In all the books on qft that include a presentation of path integrals, the interacting Green function is expressed as a path integral with respect to the non-interacting (i.e., free) ground state of the system.
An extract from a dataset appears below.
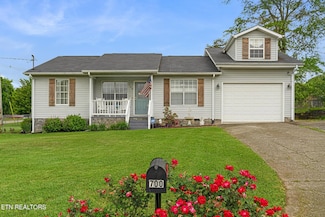 700 Crestwood Dr, Clinton, TN 37716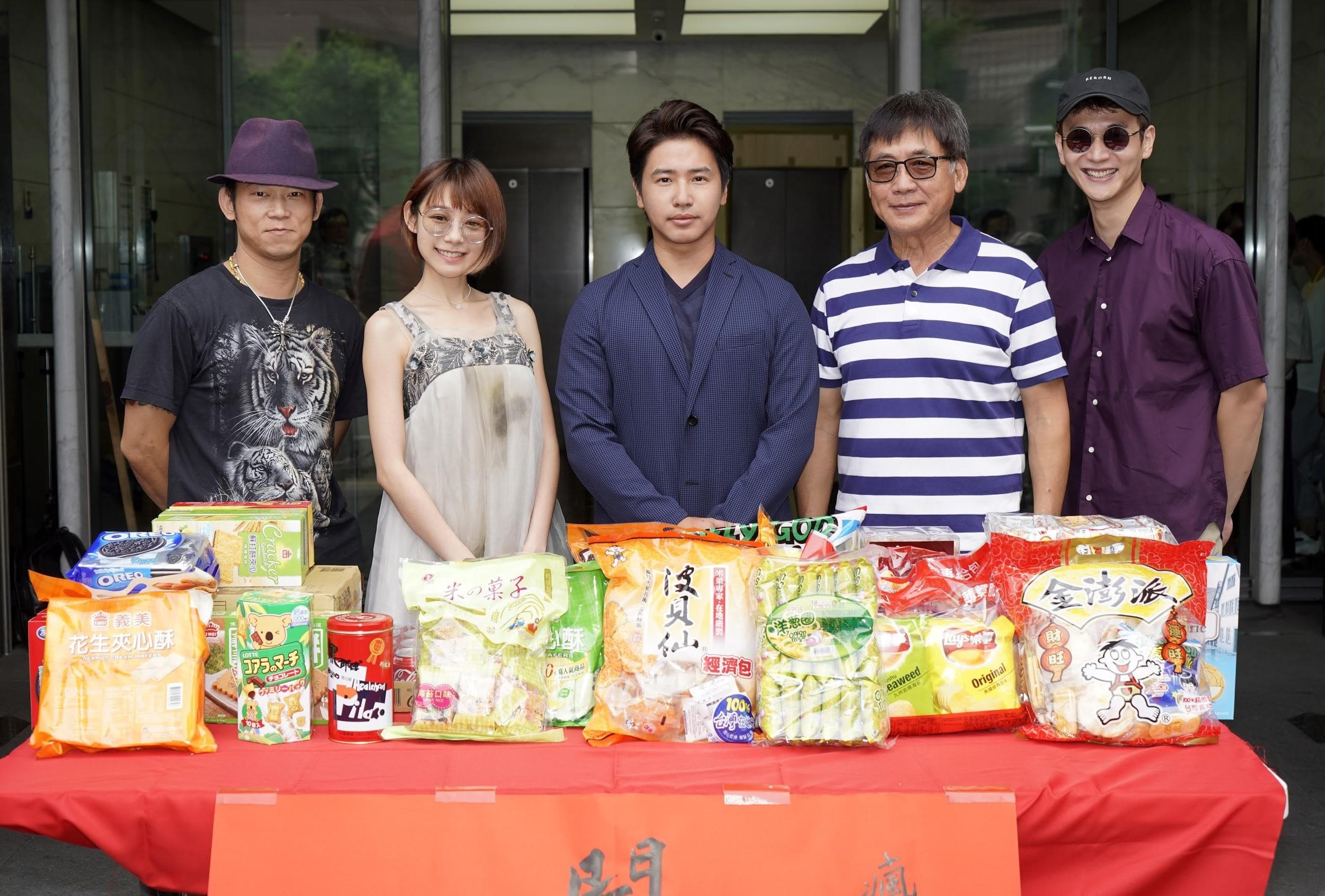 《瘋狂電視台》主要演員顏正國(左起)、林明禎、歐漢聲、梁修身與劉冠廷等參加開鏡祈福儀式,電影也將搶攻明年農曆春節賀歲檔。(瘋狂秀提供)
Many books just simply write this formula without offering a proof, there are others that try hand-wavingly to justify this formula, and then there is the wonderful book "Quantum Many-particle Systems" by J.W. Negele and H. Orland, that on page 141 attempts to prove in minute details this formula, as their Eq. (3.8).

Free Hamiltonian:

$$H_{0}\left\vert \Phi _{n}\right\rangle =W_{n}\left\vert \Phi _{n}\right\rangle$$

Full Hamiltonian:

$$H\left\vert \Psi _{n}\right\rangle =\left( H_{0}+V\right) \left\vert \Psi _{n}\right\rangle =E_{n}\left\vert \Psi _{n}\right\rangle$$

In Eq. $\left( 3.8\right)$ from page 141 of the book "Quantum Many-particle Systems" by J.W. Negele and H. Orland, there is an unfortunate error, namely

$$\begin{eqnarray*} &&\lim_{T_{0}\rightarrow \infty }\frac{\left( -i\right) ^{n}\zeta ^{P}}{% \left\vert \left\langle \Phi _{0}|\Psi _{0}\right\rangle \right\vert ^{2}e^{-iE_{0}T_{0}}}\sum_{l,m}\left\langle \Phi _{0}|\Psi _{l}\right\rangle \left\langle \Psi _{l}\right\vert e^{-i\left( \frac{1}{2}T_{0}-t_{P\left( 1\right) }\right) H}\widetilde{a}_{\alpha _{P\left( 1\right) }}e^{-i\left( t_{P\left( 1\right) }-t_{P\left( 2\right) }\right) H}\widetilde{a}_{\alpha _{P\left( 2\right) }} \\ &&\times \ldots \widetilde{a}_{\alpha _{P\left( 2n\right) }}e^{-i\left( t_{P\left( 2n\right) }-\frac{1}{2}T_{0}\right) H}\left\vert \Psi _{m}\right\rangle \left\langle \Psi _{m}|\Phi _{0}\right\rangle \end{eqnarray*}$$
is equal to
$$\begin{eqnarray*} &&\lim_{T_{0}\rightarrow \infty }\frac{\left( -i\right) ^{n}\zeta ^{P}}{% \left\vert \left\langle \Phi _{0}|\Psi _{0}\right\rangle \right\vert ^{2}e^{-iE_{0}T_{0}}}\sum_{l,m}\left\langle \Phi _{0}|\Psi _{l}\right\rangle \left\langle \Psi _{m}|\Phi _{0}\right\rangle  \\ &&\times e^{-iT_{0}\frac{\left( E_{l}-E_{m}\right) }{2}}\left\langle \Psi _{l}\right\vert \prod\limits_{i=1}^{2n}\widetilde{a}_{\alpha _{P\left( i\right) }}^{\left( H\right) }\left( t_{P\left( i\right) }\right) \left\vert \Psi _{m}\right\rangle \end{eqnarray*}$$
and not to
$$\begin{eqnarray*} &&\lim_{T_{0}\rightarrow \infty }\frac{\left( -i\right) ^{n}\zeta ^{P}}{% \left\vert \left\langle \Phi _{0}|\Psi _{0}\right\rangle \right\vert ^{2}e^{-iE_{0}T_{0}}}\sum_{l,m}\left\langle \Phi _{0}|\Psi _{l}\right\rangle \left\langle \Psi _{m}|\Phi _{0}\right\rangle  \\ &&\times e^{-iT_{0}\frac{\left( E_{l}+E_{m}\right) }{2}}\left\langle \Psi _{l}\right\vert \prod\limits_{i=1}^{2n}\widetilde{a}_{\alpha _{P\left( i\right) }}^{\left( H\right) }\left( t_{P\left( i\right) }\right) \left\vert \Psi _{m}\right\rangle \end{eqnarray*}$$

One can see that $E_{l}$ and $E_{m}$ enter the formula correctly as $\left( E_{l}-E_{m}\right)$ and not as $\left( E_{l}+E_{m}\right)$.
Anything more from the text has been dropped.